Face aux limites de chaque source de données, nous avons décidé de faire de nécessité vertu. Loin d’être analysées isolément, les données, collectées à différents niveaux et pour divers scrutins, ont été croisées entre elles ainsi qu’avec quelques matériaux qualitatifs (des documents syndicaux ainsi que des entretiens). Ces croisements ne sont pas seulement contraints. Ils permettent de mieux saisir les logiques du vote dans le champ professionnel et de mieux préciser leurs imbrications.

 

  1. Les logiques des comportements électoraux professionnels

Nous nous sommes concentré, dès l’introduction, sur trois grands modèles explicatifs des comportements électoraux : les approches du vote en termes de variables lourdes, de vote sur enjeux et d’effets contextuels. À la lumière de nos analyses des différentes sources de données, on peut affirmer que, dans le champ de la représentation professionnelle, la capacité explicative de ces modèles est réelle et que ceux-ci s’imbriquent fortement. Il est toutefois apparu nécessaire, face aux spécificités du vote professionnel, d’adapter ces différents modèles.

 

À l’image de ce qui est observé dans le champ politique, la participation et, dans une moindre mesure, le choix électoral professionnel apparaissent dépendants de « variables lourdes », au sens où une poignée de variables participent à la structuration de l’espace des comportements électoraux. Cependant, dans le champ professionnel plus que dans le champ politique, ces variables lourdes sont principalement liées à la sphère du travail.
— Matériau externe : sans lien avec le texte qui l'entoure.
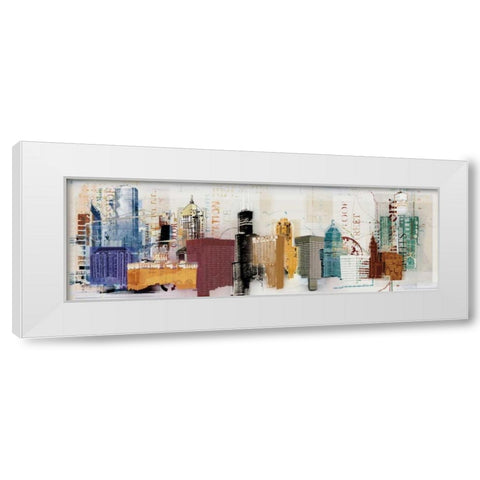 Urban Design White Modern Wood Framed Art Print by NOAH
Plus précisément, l’analyse au niveau agrégé des résultats électoraux des scrutins en entreprise et des scrutins TPE montre que ceux-ci sont fortement dépendants des implantations syndicales pour les scrutins en entreprise et des dispositifs de mobilisation électorale pour les scrutins TPE, nous rappelant par là les conclusions de nombreux travaux de géographie électorale. Cependant, contrairement à ce qui est observé dans le champ politique, l’impact du système électoral est limité. Surtout, les résultats des scrutins en entreprise sont structurés par les caractéristiques des entreprises, des établissements et des collèges électoraux dans lesquels ils se déroulent. Trois « variables structurelles », comme nous les nommons, sont ainsi mises en avant : la taille des établissements, le secteur d’activité et la composition socioprofessionnelle du corps électoral. Enfin, l’influence des conditions de travail et d’emploi des salariés semble non négligeable, notamment sur la participation électorale.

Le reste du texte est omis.